[[ Listed entries open ]]

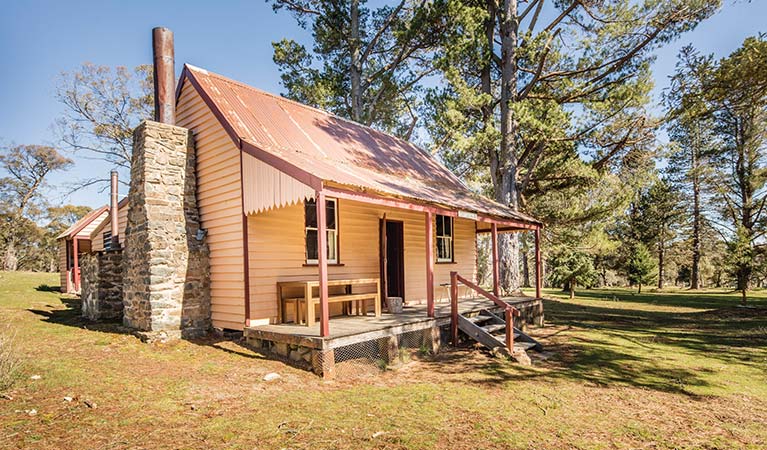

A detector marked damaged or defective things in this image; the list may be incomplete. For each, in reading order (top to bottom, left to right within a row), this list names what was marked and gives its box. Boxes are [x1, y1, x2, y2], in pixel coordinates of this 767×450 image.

rusty roof patina [180, 64, 540, 225]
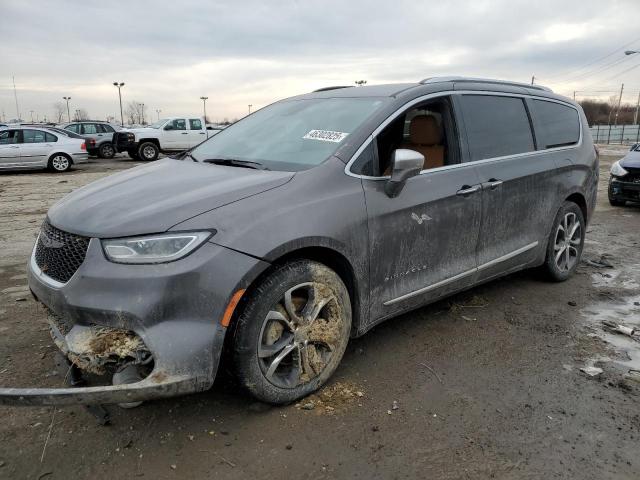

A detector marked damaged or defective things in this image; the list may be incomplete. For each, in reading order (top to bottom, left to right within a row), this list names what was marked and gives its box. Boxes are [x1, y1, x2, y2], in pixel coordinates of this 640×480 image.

cracked headlight [608, 161, 632, 178]
cracked headlight [102, 232, 211, 264]
damaged front bumper [0, 238, 268, 406]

[[ Listed entries closed ]]

◆ Work to complete:
Each line from the one containing "this 640×480 image." down to the last line of the material above is to be transcribed exactly, with nothing else included.

◆ Answer space:
A detector marked damaged or defective things in this image; the list may be incomplete. For each, in reading order (top to bottom, left to right within a row), this list names what was marked and gives its box. Boxes are [x1, y1, x2, y2], in pixel coordinates of this 640×480 image.

cracked headlight [608, 161, 632, 178]
cracked headlight [102, 232, 211, 264]
damaged front bumper [0, 238, 268, 406]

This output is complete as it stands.